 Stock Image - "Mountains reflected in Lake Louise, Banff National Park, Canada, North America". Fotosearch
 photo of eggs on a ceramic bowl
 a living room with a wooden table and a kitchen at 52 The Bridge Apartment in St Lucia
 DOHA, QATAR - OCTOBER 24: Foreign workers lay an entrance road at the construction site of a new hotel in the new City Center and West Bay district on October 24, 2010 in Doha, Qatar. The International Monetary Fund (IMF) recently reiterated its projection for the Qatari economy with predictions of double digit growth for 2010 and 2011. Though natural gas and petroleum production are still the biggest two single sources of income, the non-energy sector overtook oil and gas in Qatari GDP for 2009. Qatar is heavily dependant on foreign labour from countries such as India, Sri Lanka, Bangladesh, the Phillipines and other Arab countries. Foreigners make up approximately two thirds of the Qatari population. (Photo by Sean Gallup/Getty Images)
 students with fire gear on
□ □ □
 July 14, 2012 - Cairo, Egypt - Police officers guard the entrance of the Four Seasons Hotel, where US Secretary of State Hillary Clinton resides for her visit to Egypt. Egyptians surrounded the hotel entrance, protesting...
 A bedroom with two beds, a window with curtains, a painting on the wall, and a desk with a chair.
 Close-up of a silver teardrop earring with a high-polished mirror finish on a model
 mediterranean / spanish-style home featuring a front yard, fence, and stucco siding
□ □ □
The expected answer is an exact copy of the lines above, beginning at the line with "reflected in Lake" and ending at the line with "a living room", with both ends in.

 Stock Image - "Mountains reflected in Lake Louise, Banff National Park, Canada, North America". Fotosearch
 photo of eggs on a ceramic bowl
 a living room with a wooden table and a kitchen at 52 The Bridge Apartment in St Lucia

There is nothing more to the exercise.